Background

We are locked in our houses now and it is not easy. In situations like this it is important to have a pet project on the side so you don’t get crazy. Well, after seeing what some people post on twitter I think it is actually too late for some. Anyway, for the remaining few I’ve decided to start a short series that will focus on writing a simple fuzzer from scratch.

I think every security person should at some point write one. Not to really use it, no. That would be crazy considering how many great fuzzers are out there. But I’m a strong believer in the idea that if you really want to understand something you should try to disassemble/recreate it.

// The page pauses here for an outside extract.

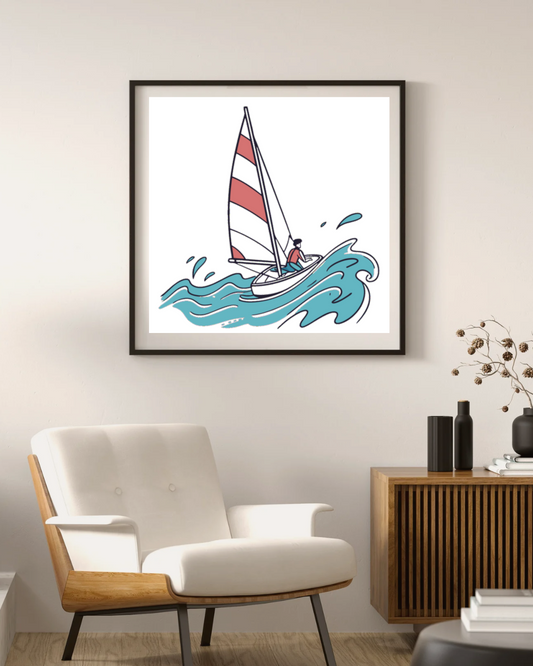 Cadre élégant avec design minimaliste de vague aventure nautique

To be quite honest with you it wasn’t an original idea. Some time ago h0mbre wrote an article ‘Fuzzing like a Caveman’ followed up by another one titled ‘Improving Performance’. I really applauded him for his effort but while reading the code I’ve realized I can probably improve and expand his work a bit. Before we proceed any further I suggest you check original articles first.

Caveats

First of all, we are learning here and this fuzzer is in no way going to be a proper tool used against real targets (at least not initially). This is why we are going to code it in python. For real tools we should have picked something way closer to the metal - language that compile to a native code. Most of the fuzzers used professionally are written in C/C++ and some cool kids use Rust, but almost nobody uses python. Fuzzing is primarily about how many executions per second you can squeeze out and use of interpreted language incurs many speed penalties.

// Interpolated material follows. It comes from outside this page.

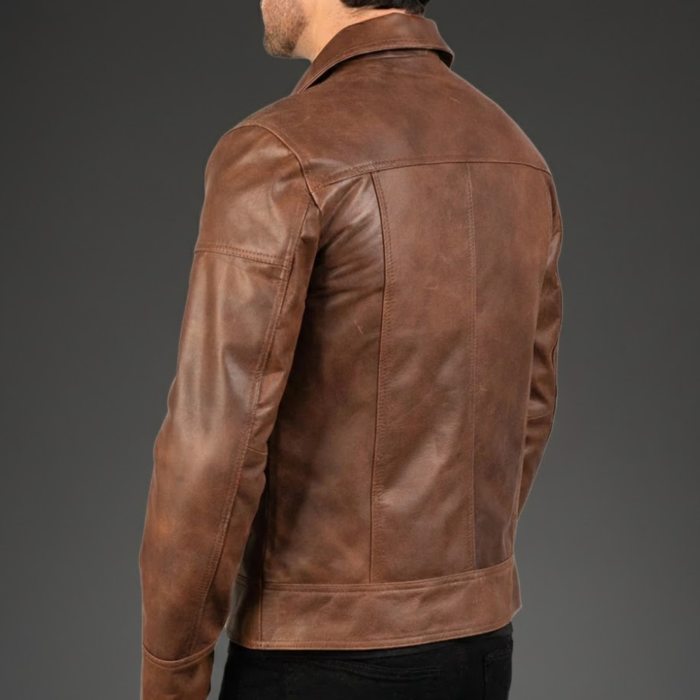 Brown Leather Biker Jacket For Men – Full Grain Cowhide - Image 5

Second important thing is to pick a right target - we are going to use the exif library mentioned in h0mbre’s article because it was coded many years ago and will most likely spew crashes like there is no tomorrow. There is nothing worse than picking a target that might be actually well written. You will spend the rest of your day wondering if you suck at coding/fuzzing or maybe there are no crashes to be found. Remember - we are learning, we want some quick results.

Main parts of fuzzer

The premise of fuzzing is deceptively simple - you feed random data to a program and see if it crashed. Then you change the data a little bit and feed it to a program again. And again. And again. So essentially it is doing exactly the same thing over and over again expecting different outcomes. Like insanity. Before we move further there is one golden rule of fuzzing that you have to remember till the end of your days. It’s like the equivalent of Heisenberg principle or Schroedinger paradox - an observed fuzzer never crashes.

Back to the general architecture - every fuzzer has at least two main components - mutation and execution engine. This is roughly how I’ve initially implemented it (and remember, it heavily borrows from ‘Fuzzing like Cavemen’ article):

def main():
  if len(sys.argv) < 2:
    print('Usage: {} <valid_jpg>'.format(sys.argv[0]))
  else:
    filename = sys.argv[1]
    orig_data = get_bytes(filename)
    dbg = debugger.PtraceDebugger()

    counter = 0
    while counter < 100000:
      data = orig_data[:]
      mutated_data = mutate(data)
      create_new(mutated_data)
      execute_fuzz(dbg, mutated_data, counter)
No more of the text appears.